The Under Graham Railroad Box Car Set by James McBride, 2017
The magic trick:
Inventive premise that plays fast and loose with history’s facts
It’s all there in the title. Funny, clever, intriguing, and ultimately a feeling of “Wait, what does that even mean?”
This is far from a perfect story – it’s loose and slightly meandering. But damn if it isn’t incredibly enjoyable.
I think it’s just the inventiveness of everything here. The characters are big and vivid. The plot keeps you turning the pages. And the entire premise is incredibly creative and intriguing, especially with the way it plays with history that is both accurate and completely made up.

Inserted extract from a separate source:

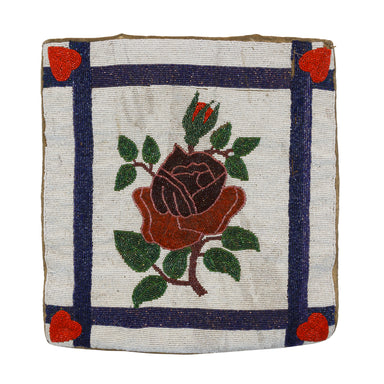 Plateau Flat Bag with Rose Pictorial, Native, Bag, Flat Bag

And that’s quite a trick on McBride’s part.
The selection:
The train then vanished from history, never to be seen again. Stories of its existence popped up from time to time. A French toymaker in 1923 claimed he’d procured it, but it turned out to be a fraud. In 1945, a Negro seamstress from Baltimore swore her grandmother had it and produced a picture, but that, too, turned out to be a fake. There had not been one credible sighting of the Under Graham Railroad Box Car Set in over 130 years.
That is, until that balmy afternoon in 1992 when I sat in my office and found myself starting at an old photograph in the weather-beaten portfolio of the Reverend Spurgeon T. Hart.